We also need to fix FieldCache/TermRangeQuery, since they now take separate String upper/lower. We could just add corresponding BytesRef methods?

I'll fix these. I didnt notice them since they don't use Term, but String directly. The patch is also generally incomplete in other ways... mainly I am searching on uses of Term.text() and such to ensure I do not introduce performance regressions.

asfimport commented 14 years ago

Uwe Schindler (@uschindler) (migrated from JIRA)

Here robert's patch with MTQ changed.

It currently still uses placeholderTerms to not need to intern every time. If we remove string interning from Term, we can replace this by simple new Term() in MTQ.

I delayed cloning of BytesRef until the BytesRef is put into a TermQuery or PQ or whenever it is set aside. But it no longer clones it e.g. if the term is never accepted by the PQ. Also the PQ reuses its ScoreTerm instances and so, the term bytes are simply copied over :-)

I also removed a Java 1.6 interface override - the Generics Policeman gives a ticket! I don't understand where those come from, Java 1.6 should also fail to compile as the ant build uses -source 1.5...?

asfimport commented 14 years ago

Robert Muir (@rmuir) (migrated from JIRA)

I also removed a Java 1.6 interface override - the Generics Policeman gives a ticket! I don't understand where those come from, Java 1.6 should also fail to compile as the ant build uses -source 1.5...?

Sorry, i am on a mac right now and i dont think i configured it correctly... (though ant test never complained... this is wierd). Normallly my IDE does not generate this... but at the same time it is something we should fix the build for, as i think Eclipse will generate these by default if configured for Java 6, which solr uses.

asfimport commented 14 years ago

Uwe Schindler (@uschindler) (migrated from JIRA)

mainly I am searching on uses of Term.text() and such to ensure I do not introduce performance regressions.

I would temporary remove all String methods from Term and try to compile core. If this works you should find all perf regressions in both directions.

asfimport commented 14 years ago

Robert Muir (@rmuir) (migrated from JIRA)

attached is an updated patch, with uwe's changes, plus some additional conversions like TermsFilter and FieldCacheTermsFilter

The range ones are a bit tricky, mainly because they work with collators with makes no sense with byte[]. but if collator is null then byte[] makes sense.

the collator stuff is silly in a way, if we switch collation to byte[] it will use less ram than even the original String in lucene 3.x, and sort much faster.

one option might be to split the collating range stuff into its own classes or something, i think its a bit confusing how collation is mixed in with 'binary' order... it tricks you into thinking the 'default' is UCA or default locale or something, but is neither.

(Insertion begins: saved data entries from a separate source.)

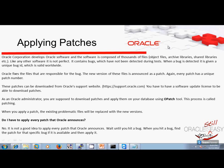Hi, in this video I will talk about Oracle Patches.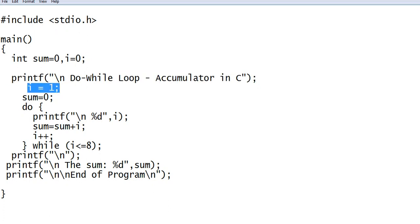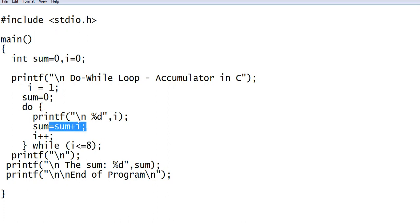Do-while, and then we have here the condition i less than or equals to eight. So sum, sum up, accumulate the value of i, increment.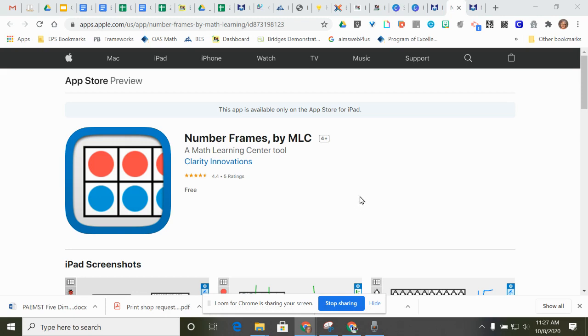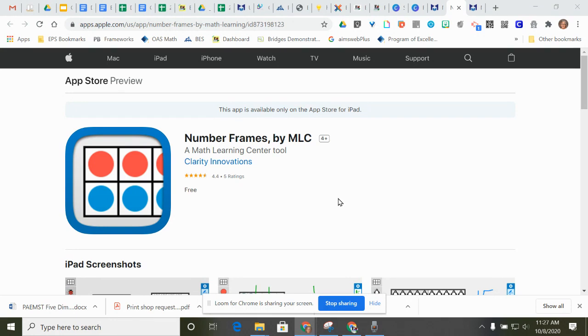For this part of our lesson, we're going to use the Number Frame app on your iPad. So listen to your instructions, and then you'll go to your Number Frame app and do the steps that I'm doing now.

asfimport commented 14 years ago

Robert Muir (@rmuir) (migrated from JIRA)

I would temporary remove all String methods from Term and try to compile core. If this works you should find all perf regressions in both directions.

i did this, but there is a lot of unrelated stuff that uses Term string methods and is perfectly fine. especially many tests and things like queryparser.

asfimport commented 14 years ago

Uwe Schindler (@uschindler) (migrated from JIRA)

I would temporary remove all String methods from Term and try to compile core. If this works you should find all perf regressions in both directions.

i did this, but there is a lot of unrelated stuff that uses Term string methods and is perfectly fine. especially many tests and things like queryparser.

Yeah tests can use string methods, i meant only core classes should compile without Term's String methods.

one option might be to split the collating range stuff into its own classes or something, i think its a bit confusing how collation is mixed in with 'binary' order... it tricks you into thinking the 'default' is UCA or default locale or something, but is neither.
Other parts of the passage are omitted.